Sulfur is the energy necessary for alchemic transformation. It is the prime that represents the individual soul in all of its resonant and expansive potential. In Gallery II, a pair of vibrant painted collages by Duwenavue Santé Johnson evoke sulfur’s propulsive, motivating force. Johnson describes her practice as “a necessity born of resilience,” marrying the compulsion to survive with the compulsion to make. The plays of color and texture on her hand-stitched surfaces balance intent and spontaneity—an active process of intervention and negotiation that simultaneously metabolizes and metaphorizes acts of living. Lori Hepner’s movement-based practice similarly serves as a creative refuge for the artist. Her kinetic process harnesses light using custom-programmed, wearable LED technology captured by long-exposure photography and video. Cloud Cover: Sky Dancing indexes not only Hepner’s motions but her subjectivity, transmuting private, ephemeral gestures into an active field of glitchy textures and layered afterimages. Gongsan Kim also mobilizes small actions laden with significance, in her case ritualistic burning. Like a funeral pyre, the burnt linen surface of her painting Unburied Testimonies commemorates unheard and unknown victims of North Korea’s dictatorship. Ballooning out from the wall, Lesley Bodzy’s Indelible Sagacity appears to be simultaneously inflating and deflating, struggling against its confines and collapsing into itself. Becoming is for Bodzy a vital indeterminacy which both animates and vacates the forms of her sculptures.  

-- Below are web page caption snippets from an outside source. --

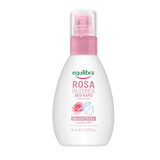 Equilibra Rosa, desodorante spray de rosas con ácido hialurónico, 75 ml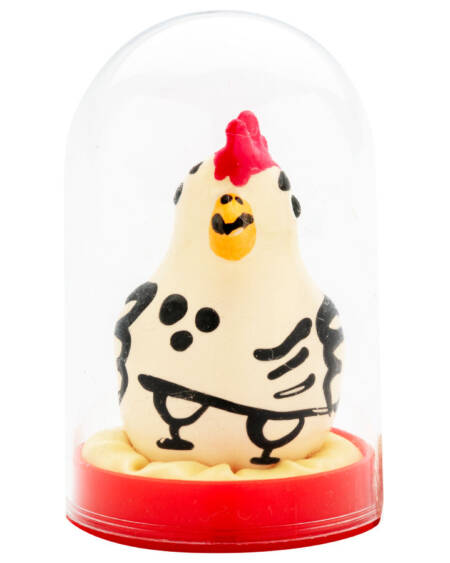 CONDOMERIE - HANDPAINTED NOVELTY CONDOMS COCKY ROOSTER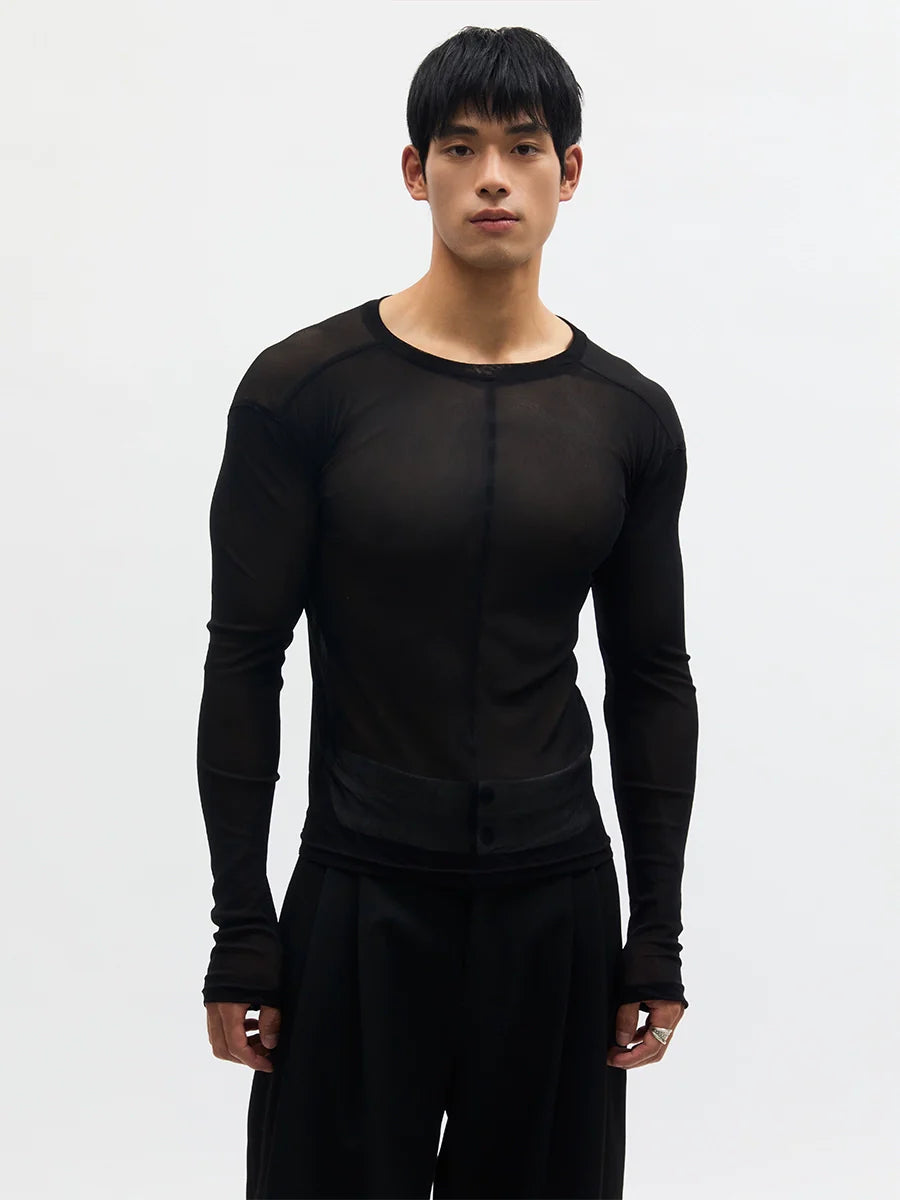VeilForm シアーセカンドスキンTシャツ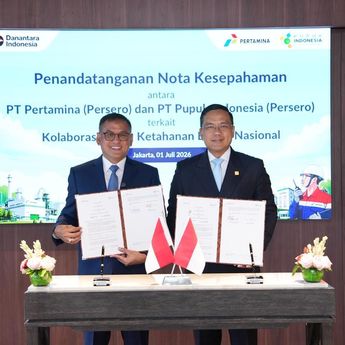 Pertamina dan Pupuk Indonesia Jajaki Kolaborasi Strategis untuk Perkuat Ketahanan Energi dan Pangan Nasional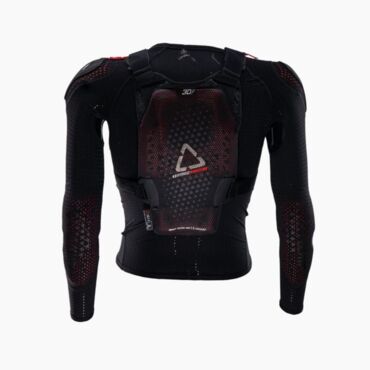 Leatt Защита панцирь подростковый Body Protector 4.5 Hybrid V26 Black - миниатюра 3
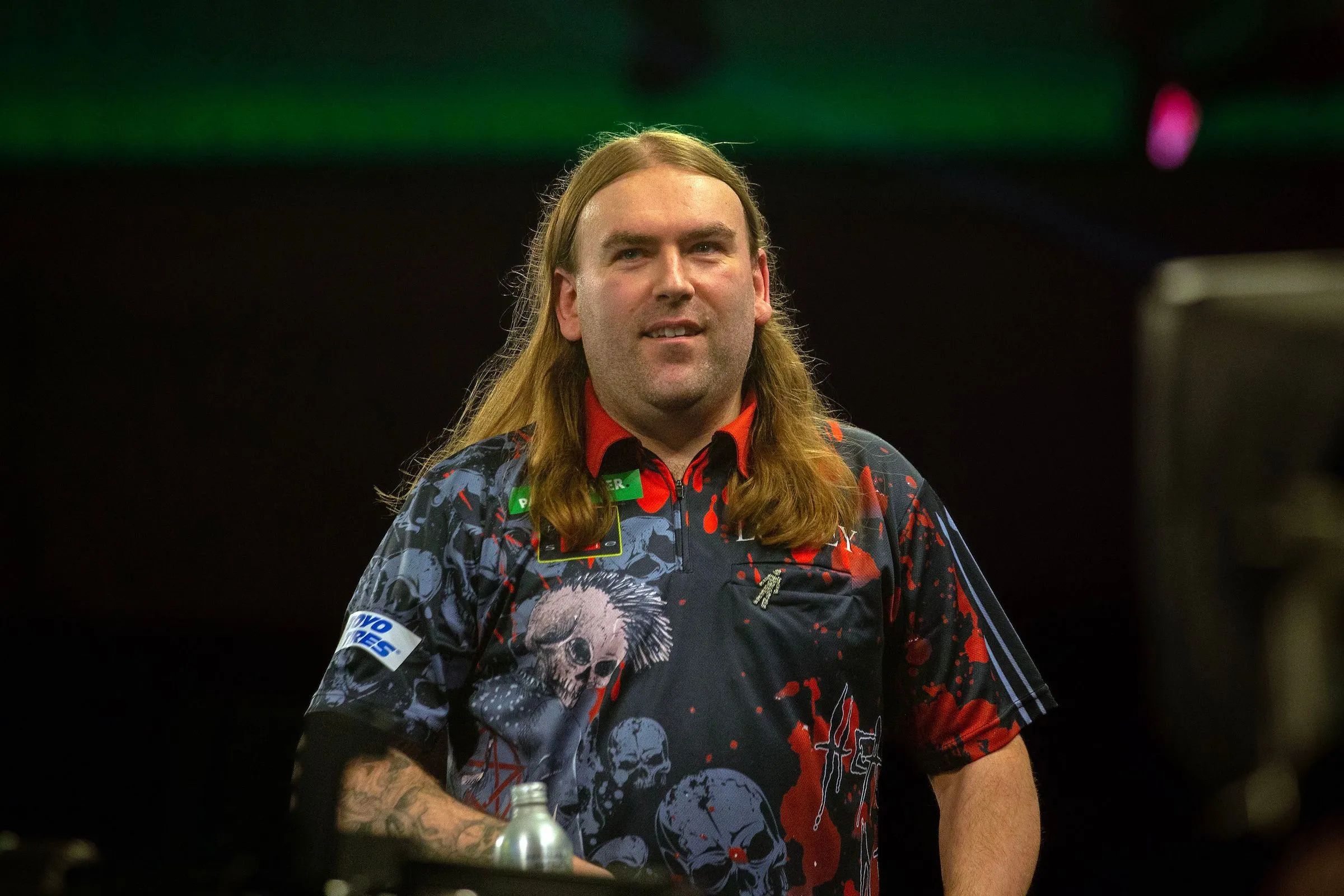 "Gary erreicht ein phänomenales Niveau, deshalb bin ich froh, dass ich ihn einmal geschlagen habe" - Ryan Searle schlägt Gary Anderson bei der Players Championship 3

Mercury is the prime of mutability and universal spirit, symbolizing the fluid animacy of all matter. Liquid at room temperature, it flows to fill a given container and thus embodies change itself. In Gallery III, Robin Dintiman’s photograph Ghost Tree in Fog documents a transformation-in-progress: a private performance in which the artist draped a felled oak tree in spectral cloth and surrounded it with various reclaimed materials which conjure the shape of absent architectures. At the same time, the image’s ambiguity renders it open to a number of interpretations—a spine or ribcage, an asymptote trailing out of frame. untitled (summer studio/winter studio v.2) by Cozette Russell also attends to temporality, change, and mediation. A self-portrait taken in the studio wavers through successive interventions including rephotographing, re-printing, and collaging. The framed print’s base of bricks and twine, repeated within the image itself, creates a tension between doubling and variation, marking subtle ontological shifts. With In the Shape of Us #2, Irja Bodén translates the forms and haptic surfaces of her ceramic sculptures into two dimensions. Reminiscent of an amphora’s archetypical shape, Bodén’s print superimposes patterns and textures onto the central form, as if it were a vessel that simultaneously contains and overflows. This porous quality is echoed in Nicolei Buendia Gupit’s Tethered (Undertide), which employs material transformation to recuperate histories of colonial extraction of human and natural resources in the Philippines. Through the laborious process of papermaking, Gupit transforms materials such as indigo and abaca fiber—two key exports of the colonial Philippine economy—into meditations on loss, family, and resilience. The Assembly, an intaglio-printed leporello by Carrie Scanga, meanders through the haunting, vacant rooms of a school: sites of surveillance as well as sociality and learning. The empty seats and abandoned backpacks hint at activity taking place just offstage.

Variously frictive and serendipitous, the groupings of artworks in this exhibition together reach toward a fuller understanding of our world, much like the alchemist’s salt, sulfur, and mercury combine into the world’s countless variations and manifestations, beings and becomings. Ultimately, both artists and alchemists are tasked with transformation—the harnessing of admixture, distillation, and synthesis in the pursuit of something new.